Hierarchical clustering¶
Hierarchical clustering works by first putting each data point in their own cluster and then merging clusters based on some rule, until there are only the wanted number of clusters remaining. For this to work, there needs to be a distance measure between the data points. With this distance measure d
, we can define another distance measure between the clusters U and V using one of the following methods (linkages):
single
: \(d(U, V) := \min_{u \in U, v \in V} d(u,v)\)complete
: \(d(U, V) := \max_{u \in U, v \in V} d(u,v)\)average
: \(d(U, V) := \sum_{u \in U, v \in V} \frac{d(u,v)}{|U||V|}\)ward
: tries to minimize the variance in each cluster
At each iteration of the algorithm two clusters that are closest to each other are merged. After this the distance between the clusters are recomputed, and then it continues to the next iteration.
Below is an example with a botanical dataset with 150 samples from three species. Each species appears in the dataset 50 times. Each sample point has 4 features, which are basically dimensions of the “leaves” of the flower.
We use the seaborn library to both to compute the clustering and to visualize the result. The visualization consists of two parts: the heatmap, whose rows and/or columns may be reordered so as to have the elements of the same cluster next to each other; and the dendrogram, which shows the way the clusters were merged. The colors give the length of the corresponding features.
[19]:
import seaborn as sns; sns.set(color_codes=True)
iris = sns.load_dataset("iris")
species = iris.pop("species") # Remove the species column
print(species.unique()) # The samples seems to be from these three species
sns.clustermap(iris, method="ward", col_cluster=False, cbar_kws={'label': 'centimeters'}); # Cluster only the rows
#plt.colorbar().ax.set_title('This is a title')

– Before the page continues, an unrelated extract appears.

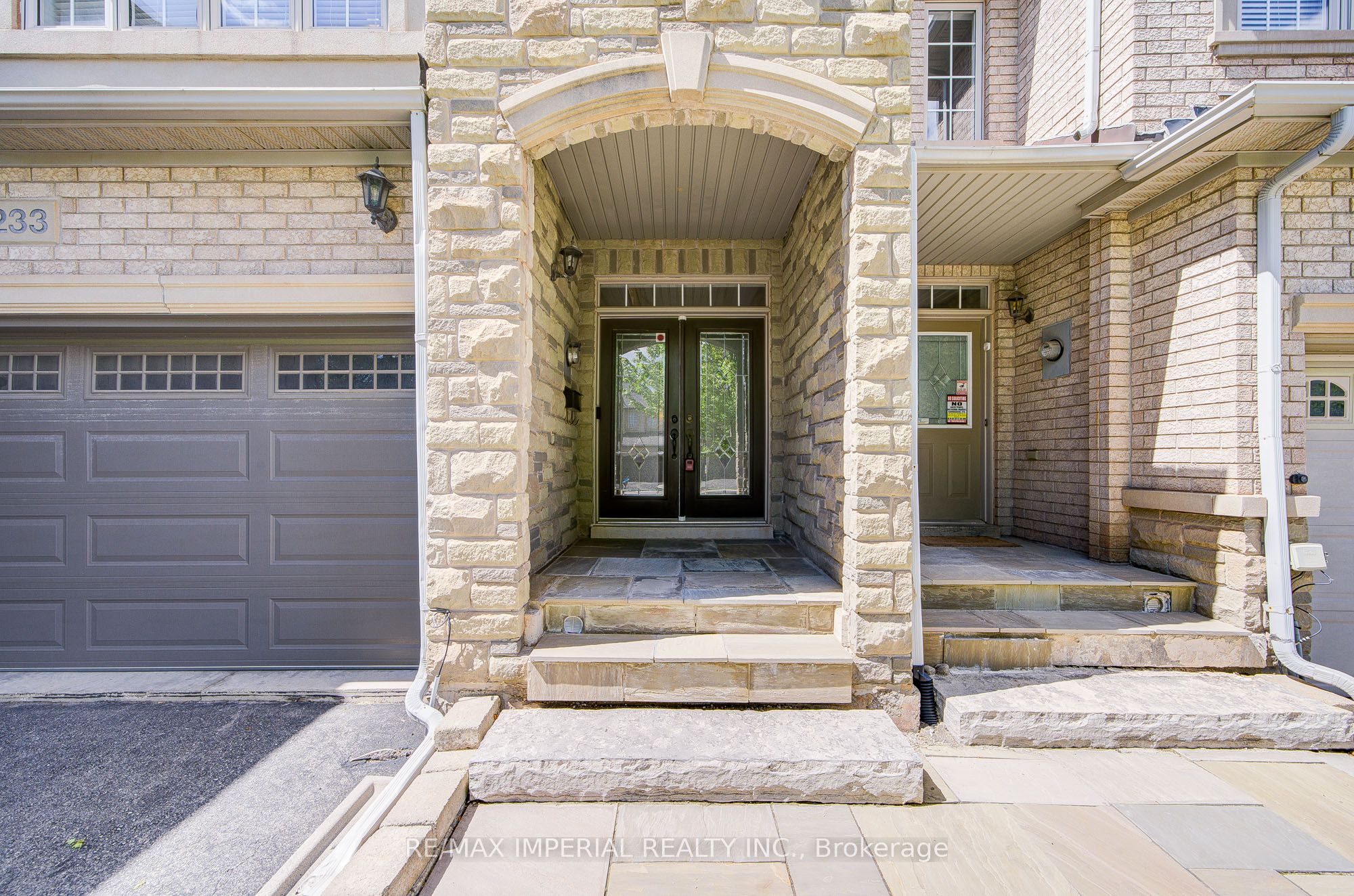 1233 Agram Drive, Oakville, ON L6H 7P1 photo 2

#plt.gca().images[-1].colorbar.ax.set_title("title")
['setosa' 'versicolor' 'virginica']
With sharp eye and good will one can discern three clusters in the above heatmap and dendrogram.

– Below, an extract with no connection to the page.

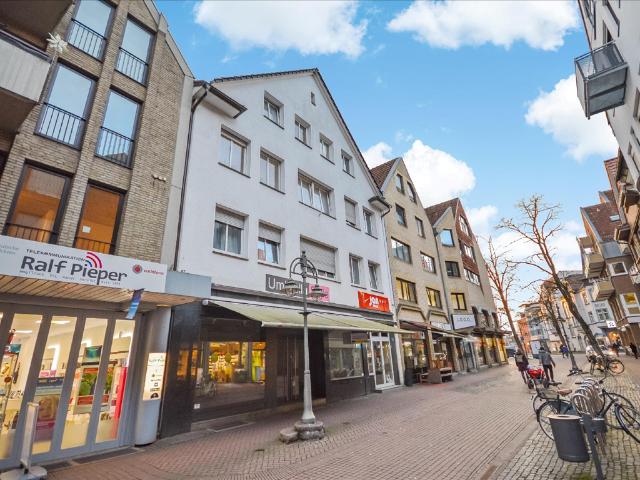 Renditeobjekt mit Gewerbe und Wohneinheiten in Gütersloher Innenstadt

This exercise can give three points at maximum!
A binding site is a piece of DNA where a certain protein prefers to bind. The piece of DNA can be described as a string consisting of letters A, C, G, and T, which correspond to nucleotides Adenine, Cytosine, Guanine, and Thymine. In this exercise the length of binding sites is eight nucleotides. They are stored in the file data.seq
, and the binding sites there are classified into two classes.
Part 1. Write function toint
that converts a nucleotide to an integer. Use the following mapping:
A -> 0
C -> 1
G -> 2
T -> 3
Write also function get_features_and_labels
that gets a filename as a parameter. The function should load the contents of the file into a DataFrame. The column X
contains a string. Convert this column into a feature matrix using the above toint
function. For example the column ["GGATAATA","CGATAACC"]
should result to the feature matrix
[[2,2,0,3,0,0,3,0],
[1,2,0,3,0,0,1,1]]
The function should return a pair, whose first element is the feature matrix and the second element is the label vector.
Part 2. Create function cluster_euclidean
that gets a filename as parameter. Get the features and labels using the function from part 1. Perform hierarchical clustering using the function sklearn.cluster.AgglomerativeClustering
. Get two clusters using average
linkage and euclidean
affinity. Fit the model and predict the labels. Note that you may have to use the find_permutation
function again, because even though the clusters are correct, they may be labeled differently than
the real labels given in data.seq
. The function should return the accuracy score.
Part 3. Create function cluster_hamming
that works like the function in part 2, except now using the hamming affinity. Even though it is possible to pass the function hamming
to AgglomerativeClustering
, let us now compute the Hamming distance matrix explicitly. We can achieve this using the function sklearn.metrics.pairwise_distances
. Use the affinity parameter precomputed
to AgglomerativeClustering
. And give the
distance matrix you got from pairwise_distances
, instead of the feature matrix, to the fit_predict
method of the model. If you want, you can visualize the clustering using the provided plot
function.
Which affinity (or distance) do you think is theoretically more correct of these two (Euclidean or Hamming)? Why?